2. The unit drafting mechanism of a spinning machine according to claim 1,
wherein said connecting means is provided with a mechanism for
continuously supplying said compressed air to said axial air passages.
3. The unit drafting mechanism of a spinning machine according to claim 1,
wherein said connecting means is provided with a mechanism for
intermittently supplying said compressed air to said axial air passages.
4. The unit drafting mechanism of a spinning machine according to claim 1,
wherein said shoulder portion extends to a corresponding end portion of
said fluted working section.
5. The unit drafting mechanism of a spinning mechanism according to claim
4, wherein said shoulder portion of said bottom roller is provided with a
stepped profile defined by the profile of the fluted working section of
said bottom roller and the profile of said intermittent portion, and has a
cross-sectional diameter equal to a cylindrical projection of a circle
defined by the bottom of the flutes of said fluted working section, and
said cylindrical recess of said slide metal is provided with a stepped
profile sized and shaped for receiving said profile of said shoulder
portion of said bottom roller with a substantially uniform space against
said profile of said shoulder portion of said bottom roller.
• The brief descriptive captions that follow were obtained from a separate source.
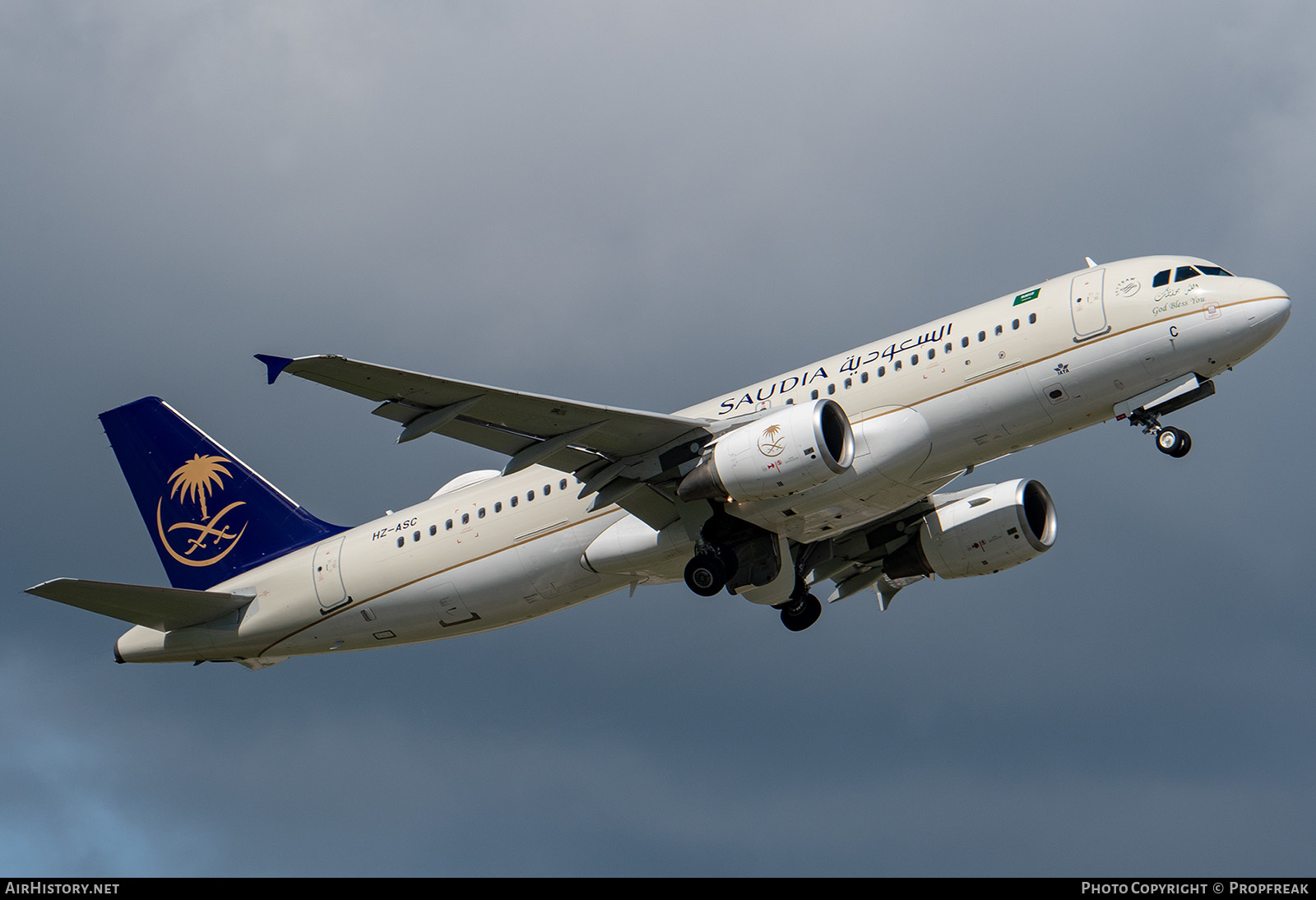 Aircraft Photo of HZ-ASC | Airbus A320-214 | Saudia - Saudi Arabian Airlines | AirHistory.net #571249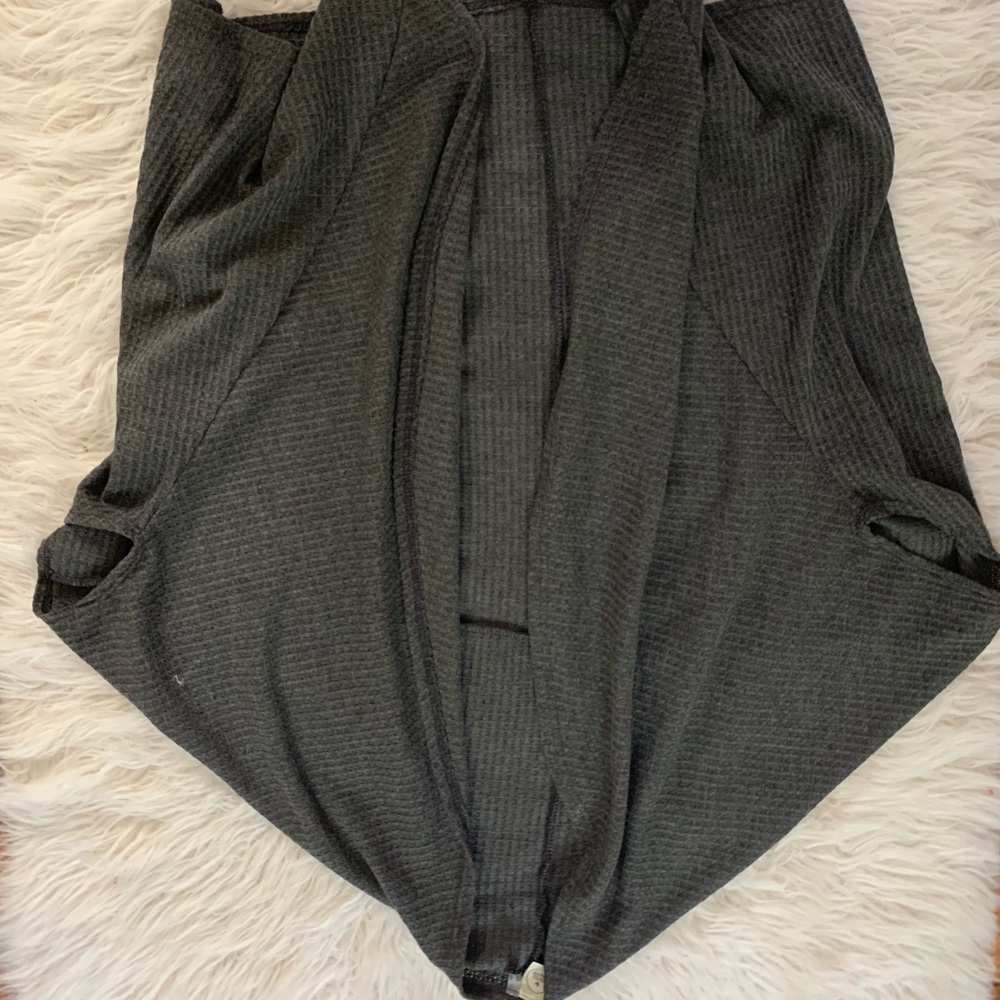 Short sleeve cardigan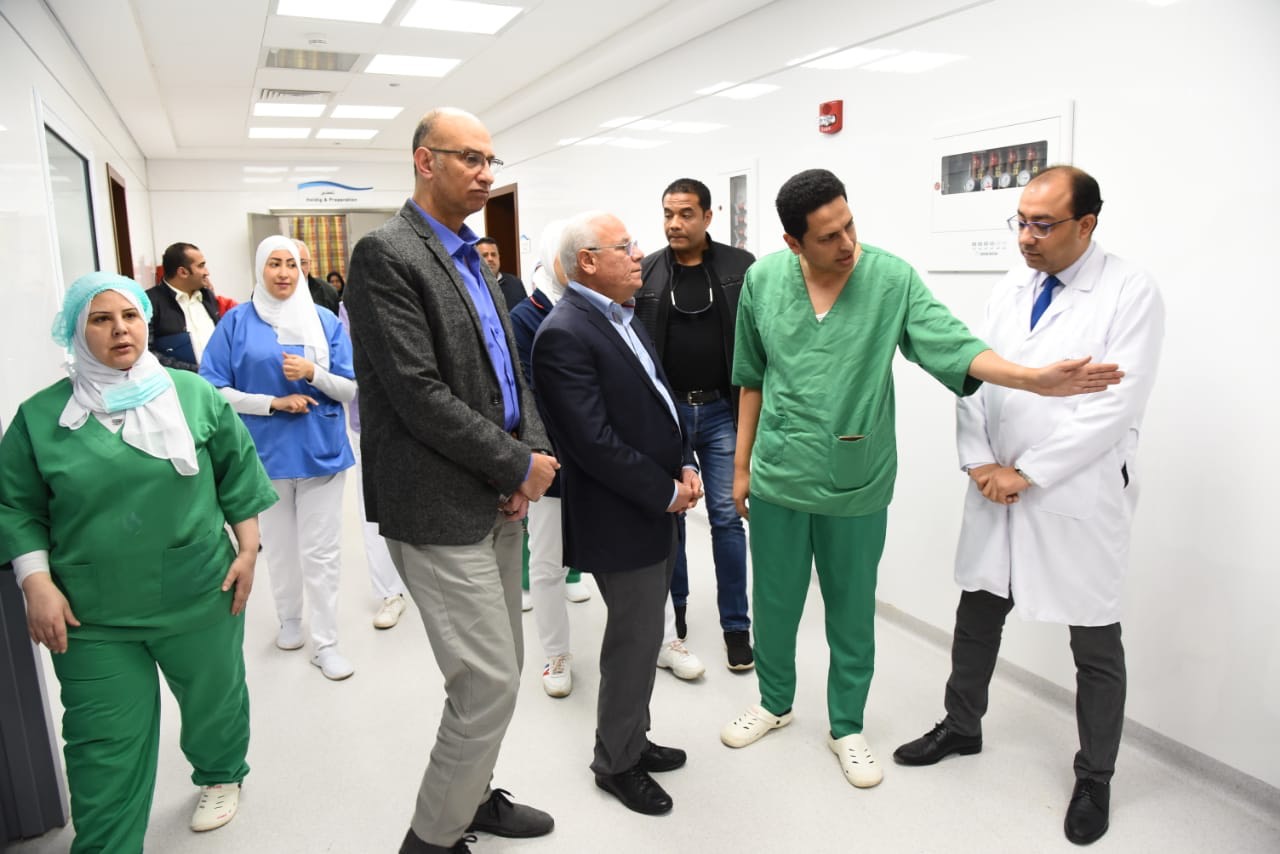 محافظ بورسعيد يتفقد مستشفى أطفال النصر التخصصى (6)
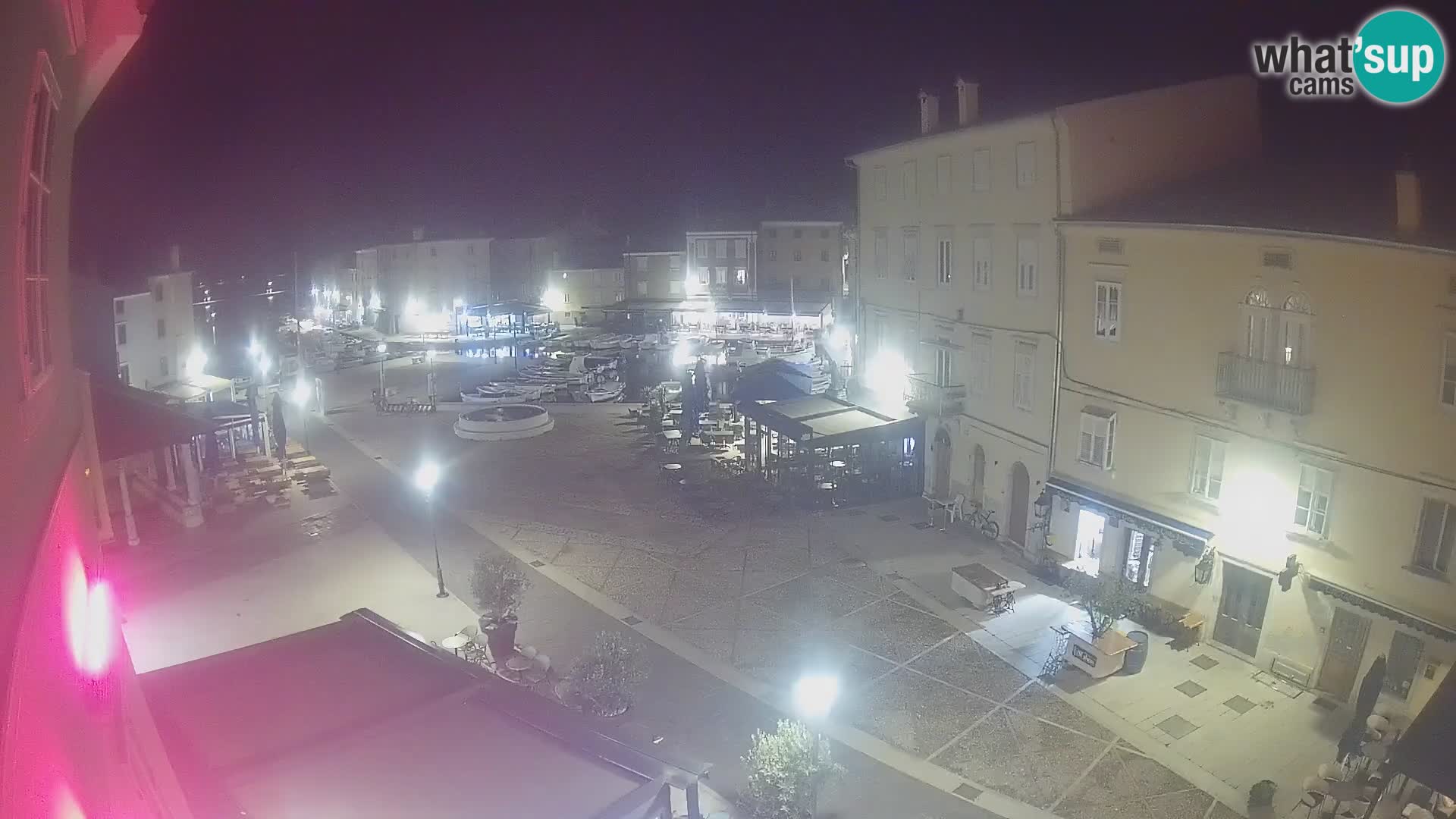 Kamera v ŽIVO Cres mesto – glavni trg in “mandrač” – otok Cres – Hrvaška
6. The unit drafting mechanism of a spinning machine according to claim 5,
wherein at each end-side of said bottom roller, a pair of said air jet
apertures are formed along a transverse line crossing the axial center of
said bottom roller and directed to an inside edge of a corresponding one
of said slide metals at each end portion of said fluted working section,
while a pair of said air jet apertures are formed along a transverse line
crossing the axial center of said bottom roller and directed to said space
at a position between said intermittent portion connected to said end
portion of said fluted working section of said bottom roller and said
cylindrical recess.
7. The unit drafting mechanism of a spinning machine according to claim 5,
wherein one of said air jet apertures faces said space between each one of
said intermittent portions of said bottom roller and said cylindrical
recess of said slide metal.
8. The unit drafting mechanism of a spinning machine according to claim 4,
wherein said shoulder portion is provided with a stepped profile defined
by a profile of said end portion of said fluted working section of said
bottom roller and a profile of said intermittent portion and has
cross-sectional diameter identical to that of said journal potion.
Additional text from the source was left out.